说罢,他看了看桌上的饭菜,“今天就算了,我去叫外卖。”
“不用了,浪费粮食。”白夏松了手,拿起筷子夹菜吃,“我觉得这菜配饭吃,挺下饭的,干嘛还要叫外卖?”
她不想辜负陆衍北的一番心意,也不得不承认,陆衍北一次又一次的狠狠撞击着她早已关闭的心扉城门。
心上的门,裂缝已经开始扩大了,继续下去,迟早会崩塌。
她有点害怕陆衍北的靠近,又渴望着他身上的温暖,疯狂汲取着他给的柔情蜜意。
也许总有一天,她会彻底沦陷,但至少在沉沦之前,她想为自己保留一丝可转圜的余地。
陆衍北这个人来的突然,以令人咂舌的速度疯狂滋生着藤蔓,缠绕在她心上。
连同心上扎着的那根深刺都被他连根拔除,他说,“就算疼也要忍着,忍过了就好了,没有伤口不能结疤的,那条疤痕我会帮你遮掩着,没人会看到。”

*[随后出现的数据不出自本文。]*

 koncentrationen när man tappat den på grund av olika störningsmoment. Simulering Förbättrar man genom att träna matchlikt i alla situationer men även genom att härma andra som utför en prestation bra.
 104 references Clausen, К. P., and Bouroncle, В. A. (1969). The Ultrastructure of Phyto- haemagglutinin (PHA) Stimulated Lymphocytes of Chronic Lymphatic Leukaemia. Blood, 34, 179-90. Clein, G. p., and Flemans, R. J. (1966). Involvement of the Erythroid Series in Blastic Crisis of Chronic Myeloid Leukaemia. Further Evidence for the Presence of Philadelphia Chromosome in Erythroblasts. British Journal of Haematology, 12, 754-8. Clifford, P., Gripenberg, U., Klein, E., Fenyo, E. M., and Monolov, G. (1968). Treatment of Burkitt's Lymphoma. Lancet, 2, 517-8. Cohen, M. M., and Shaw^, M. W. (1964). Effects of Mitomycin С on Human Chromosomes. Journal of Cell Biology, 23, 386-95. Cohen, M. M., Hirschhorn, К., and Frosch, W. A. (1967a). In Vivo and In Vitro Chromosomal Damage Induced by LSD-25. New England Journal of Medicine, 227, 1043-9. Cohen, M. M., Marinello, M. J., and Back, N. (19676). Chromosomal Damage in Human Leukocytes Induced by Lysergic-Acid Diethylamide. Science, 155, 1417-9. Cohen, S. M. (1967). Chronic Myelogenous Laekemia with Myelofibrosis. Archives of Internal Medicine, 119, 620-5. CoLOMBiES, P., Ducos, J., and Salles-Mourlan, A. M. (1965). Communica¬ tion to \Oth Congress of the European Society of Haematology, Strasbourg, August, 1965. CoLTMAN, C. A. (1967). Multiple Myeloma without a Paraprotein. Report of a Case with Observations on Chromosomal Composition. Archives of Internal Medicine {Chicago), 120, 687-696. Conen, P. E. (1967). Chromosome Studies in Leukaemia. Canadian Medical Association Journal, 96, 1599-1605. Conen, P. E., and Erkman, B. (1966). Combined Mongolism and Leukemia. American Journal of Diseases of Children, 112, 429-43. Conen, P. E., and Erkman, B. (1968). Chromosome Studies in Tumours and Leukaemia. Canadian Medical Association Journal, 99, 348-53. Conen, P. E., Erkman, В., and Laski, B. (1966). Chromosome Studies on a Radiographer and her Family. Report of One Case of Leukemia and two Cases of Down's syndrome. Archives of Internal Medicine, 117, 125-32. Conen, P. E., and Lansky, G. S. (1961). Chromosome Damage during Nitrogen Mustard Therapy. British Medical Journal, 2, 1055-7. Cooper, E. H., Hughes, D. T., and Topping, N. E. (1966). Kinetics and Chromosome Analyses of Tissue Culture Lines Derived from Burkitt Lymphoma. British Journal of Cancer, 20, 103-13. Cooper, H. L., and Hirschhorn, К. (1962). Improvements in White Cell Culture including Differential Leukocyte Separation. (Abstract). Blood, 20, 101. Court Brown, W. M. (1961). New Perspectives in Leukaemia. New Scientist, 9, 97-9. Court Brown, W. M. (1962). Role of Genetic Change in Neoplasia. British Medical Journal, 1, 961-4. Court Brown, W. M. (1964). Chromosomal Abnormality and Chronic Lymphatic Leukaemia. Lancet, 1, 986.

白夏脑子很乱,开着电视发呆,电视上的人演了什么,说了什么她都没听清楚。
只听到那沉沉嗓音在她耳畔叙说,“南有乔木不可休思,汉有游女不可求思。”
白夏心尖一颤,紧了紧垂放在腿上的手。
南方有乔木,不能依附;汉江有女,不可追求。
借物喻人嘛,白夏懂的。
怕了陆衍北了,她急急起身,躲进了卧室。
在卧室,借着座机拨了号给苏婉儿。
电话一接通,苏婉儿抱怨的话随之而来,“姐姐,您老人家又是怎么了?我这可刚下戏,累着呢!”
“婉儿,我好像变心了。”
第49节
一语激起千层浪,那边的苏婉儿很久都没说话。
倏忽,尖锐的女人声音从手机内传来,“什么?!哎呦,你变心了?谁啊?谁这么大能耐能让我们死心塌地的白大小姐移情别恋?是不是那个…什么陆衍北的?”
“嗯…”
“那很好啊!”苏婉儿说,“你早就该走出来了,单君遇不爱你,所有人都知道,你自己也清楚,这几年,是你一直在自我麻痹。”
“你还记得当初我们刚认识那会儿吗?”
“嗯,记得。”
苏婉儿叹气,“本来我是不想跟你说的,可是现在你既然走出来了,那我跟你说这些话也就没关系了。”
“其实我们刚认识那会儿,单君遇这个人渣就已经出轨了。”
“我听说那会儿他常常会偷偷飞去美国,你还记得你为了帮柏林打开市场去陪着参加酒局,结果喝太多酒精中毒被送进医院的事情吗?”
白夏没说话,沉默了下来。
那年是林颜舒走后的第二年,柏林刚刚有了起色,她为了柏林影业有个好的前途,明知道对方是个大色胚也还是硬着头皮去了,结果喝酒喝到被送进了医院,而那个时候单君遇说他不舒服,她才会孤身一人去赴约的。
说实话,那天如果不是有人帮她解围,提议用喝酒赔罪,她可能真的难逃魔爪。
“夏夏,其实那天单君遇根本就不是不舒服,而是去了美国,因为那天林颜舒有一场小型的音乐会,所以他亲自去了,偷偷的在一旁看她,呵,对林颜舒那个女人,单君遇可真是煞费苦心,宝贝的不得了。”